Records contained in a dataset

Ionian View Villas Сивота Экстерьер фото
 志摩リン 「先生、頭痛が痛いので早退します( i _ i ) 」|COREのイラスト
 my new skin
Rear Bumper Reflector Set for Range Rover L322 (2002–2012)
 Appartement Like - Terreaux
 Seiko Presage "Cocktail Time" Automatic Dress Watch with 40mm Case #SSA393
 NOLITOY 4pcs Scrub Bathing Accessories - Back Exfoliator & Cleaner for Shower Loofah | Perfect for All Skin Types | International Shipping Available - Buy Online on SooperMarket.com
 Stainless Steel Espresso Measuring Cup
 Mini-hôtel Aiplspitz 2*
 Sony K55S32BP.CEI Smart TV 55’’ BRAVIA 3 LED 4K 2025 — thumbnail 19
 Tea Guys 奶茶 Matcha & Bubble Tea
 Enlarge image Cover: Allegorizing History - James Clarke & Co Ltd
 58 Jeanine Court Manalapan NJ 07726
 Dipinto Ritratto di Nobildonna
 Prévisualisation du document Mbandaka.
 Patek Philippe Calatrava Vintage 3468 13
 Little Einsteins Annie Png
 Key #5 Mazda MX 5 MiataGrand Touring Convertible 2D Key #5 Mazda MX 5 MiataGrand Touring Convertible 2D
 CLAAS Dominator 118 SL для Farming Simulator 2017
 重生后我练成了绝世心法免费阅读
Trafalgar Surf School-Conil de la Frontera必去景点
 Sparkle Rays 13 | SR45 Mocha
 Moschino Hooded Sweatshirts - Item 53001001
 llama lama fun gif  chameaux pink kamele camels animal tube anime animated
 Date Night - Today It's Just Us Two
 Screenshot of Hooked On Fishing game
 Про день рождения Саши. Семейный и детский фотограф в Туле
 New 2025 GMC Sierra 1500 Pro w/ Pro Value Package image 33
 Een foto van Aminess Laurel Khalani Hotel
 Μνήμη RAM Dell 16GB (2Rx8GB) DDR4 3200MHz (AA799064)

WHAT THIS TASK INVOLVES:
What lines in the records contain the word "image"? Return each one.

TASK OUTPUT:
 Enlarge image Cover: Allegorizing History - James Clarke & Co Ltd
 New 2025 GMC Sierra 1500 Pro w/ Pro Value Package image 33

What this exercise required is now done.